Juan Carlos Ramos León.
Del horror de la tragedia muchos rescatamos ese cuadro de la mujer con la ropa hecha girones y prácticamente calva pues su pelo fue, quizás, lo primero en quemarse, llevando a la bebé en brazos.
Septiembre siempre nos sorprende a los mexicanos con alguna tragedia: La semana pasada una noticia que acaparó toda la atención de los medios fue la de la explosión de una pipa de gas en la Ciudad de México que cobró más de una decena de vidas y casi un centenar de heridos, muchos de ellos de gravedad. Pero algo que acaparó también la atención de todos fue la desgarradora escena de una mujer quien pareció emerger de aquel infierno para salvar a su nieta bebé de una muerte segura, destino del que, lamentablemente, ella no pudo librarse: falleció a los pocos días de la tragedia debido a la gravedad de sus quemaduras. Pero salvó a su nieta. Y yo digo que salvó, con ese acto, la esperanza de muchos mexicanos que hoy la tenemos por heroína.
Del horror de la tragedia muchos rescatamos ese cuadro -a la vez grotesco y conmovedor- de la mujer con la ropa hecha girones y prácticamente calva pues su pelo fue, quizás, lo primero en quemarse, llevando a la bebé en brazos hasta que fue auxiliada por un policía y, dejando a la bebé a salvo, prácticamente se desvaneció como habiendo cumplido con una delicada misión que terminó por costarle la vida.
Fíjese usted en los contrastes: esta mujer puso en peligro su vida hasta perderla, sin reparar en aquel riesgo, por salvar a una bebé inocente de las garras de la muerte, mientras que a diario nos llegan notas de bebés que son encontrados, todavía vivos, en basureros. Qué absurdo, ¿no? Por un lado, el que comprende que el indefenso no puede hacer por sí solo y que, ante las circunstancias, la inteligencia y el instinto mandan hacer lo que se debe de hacer: protegerlo. Y, por otro, el que no comprende -o no quiere comprender- que su deleznable acto de arrojar a un bebé a la basura no consiste en despojarse de un pedazo de carne inerte, sino atentar en el grado más bajo y cobarde contra la dignidad de una persona que, además, no tiene cómo subsistir sin ayuda. Aquí toda razón falla, toda inteligencia se nubla y el instinto se tuerce hacia la autoprotección de quien no tiene los pantalones suficientes para hacerse responsable de sus actos.
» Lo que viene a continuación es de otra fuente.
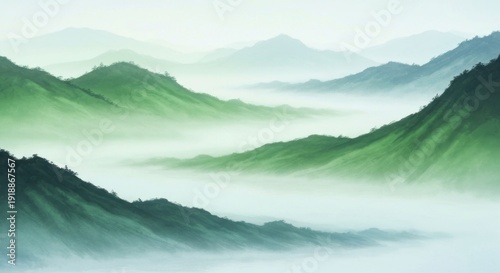 Misty green mountains receding into atmospheric haze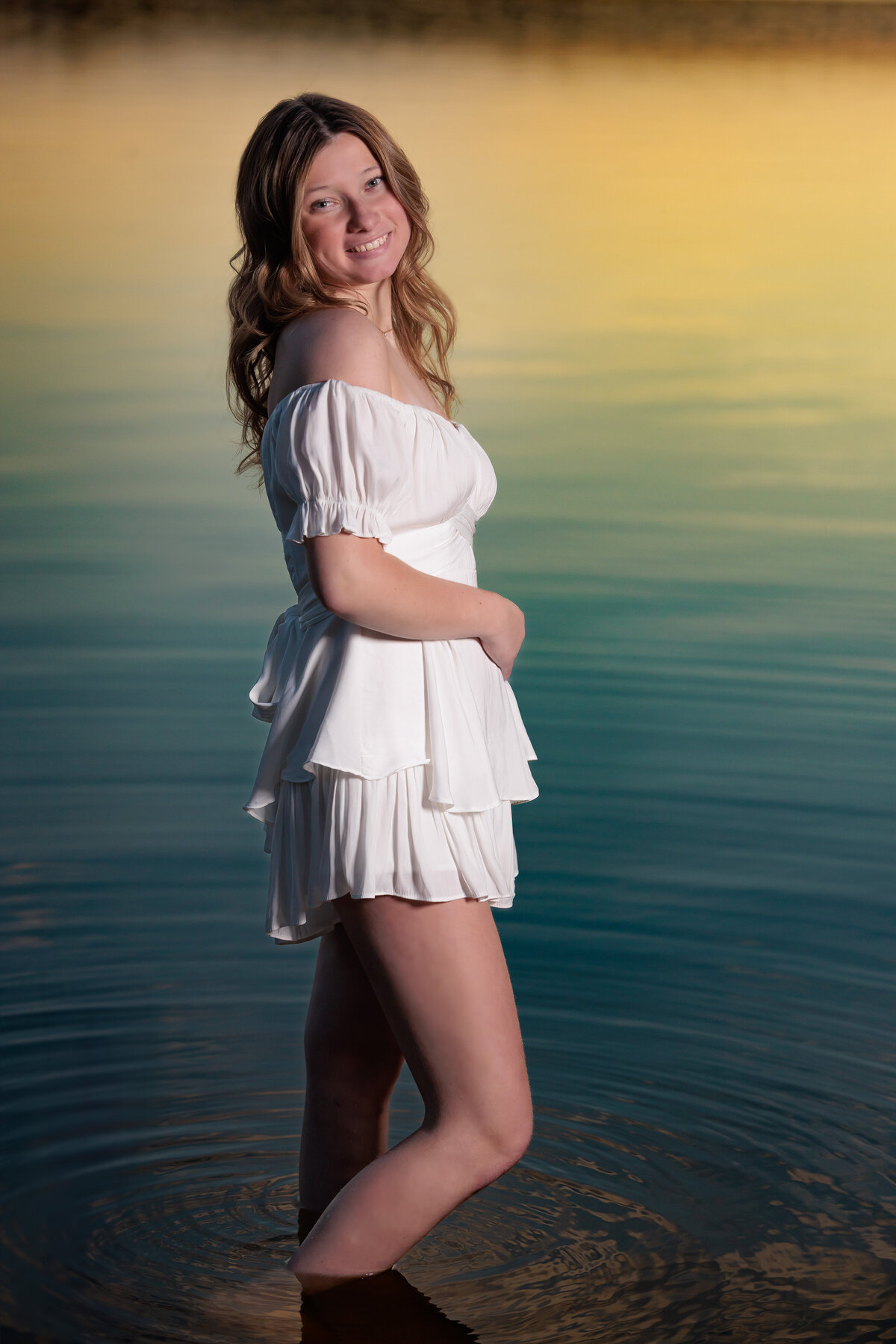 Raleigh senior at sunset in a lake with reflections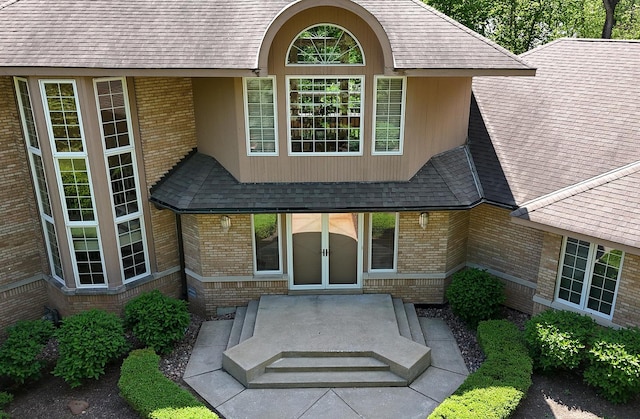 621 Chatfield Rd, New Lenox, IL 60451 - doorway to property featuring roof with shingles and brick siding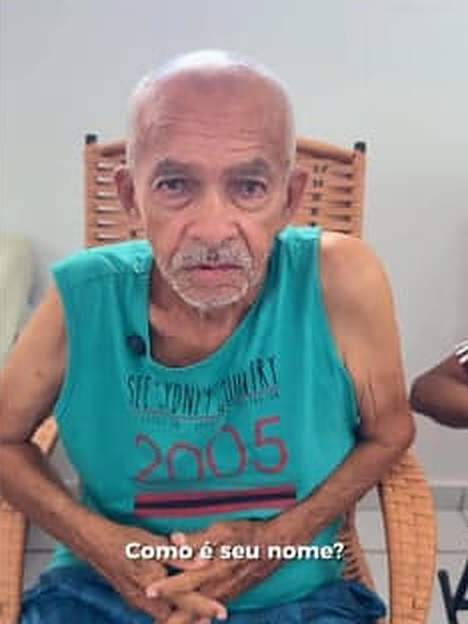 Morador de camiseta verde-água, sentado em uma cadeira de vime, olha para a câmera; a legenda do vídeo pergunta: Como é seu nome?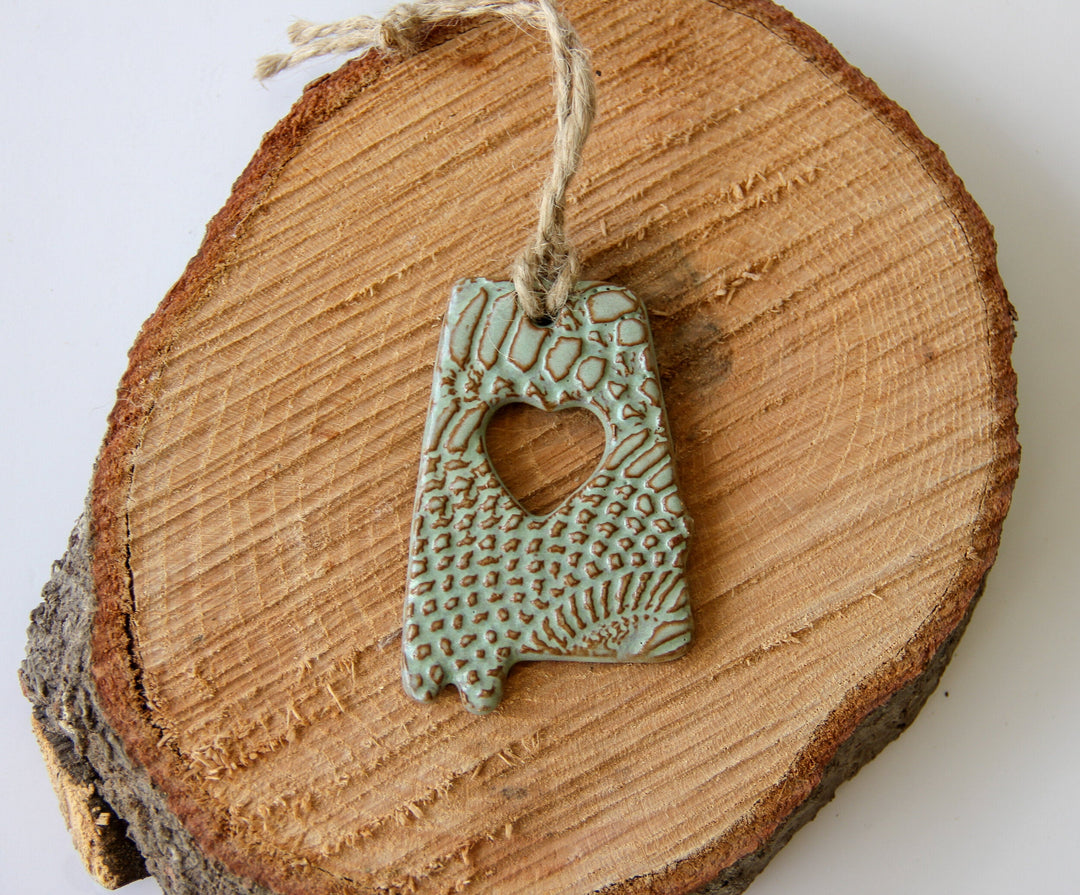 Green glazed letter A ornament with heart cutout, textured pattern, hanging on twine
Hay buena materia para la reflexión, ojalá que la hagamos. Ojalá que el acto de esta admirable mujer -Alicia Matías fue su nombre- y su muerte den fruto. Esa bebé crecerá rodeada de elogios a su abuela, y, por tristeza, sólo sabrá de ella por lo que le cuenten, como nos lo han contado a nosotros los medios. Ojalá que su vida se constituya en un homenaje a su heroico acto. Ojalá que a nosotros nos sirva de algo, también y que no pronto lo pasemos al olvido. Y ojalá que esto nos recuerde que al indefenso se le protege, no se le mata.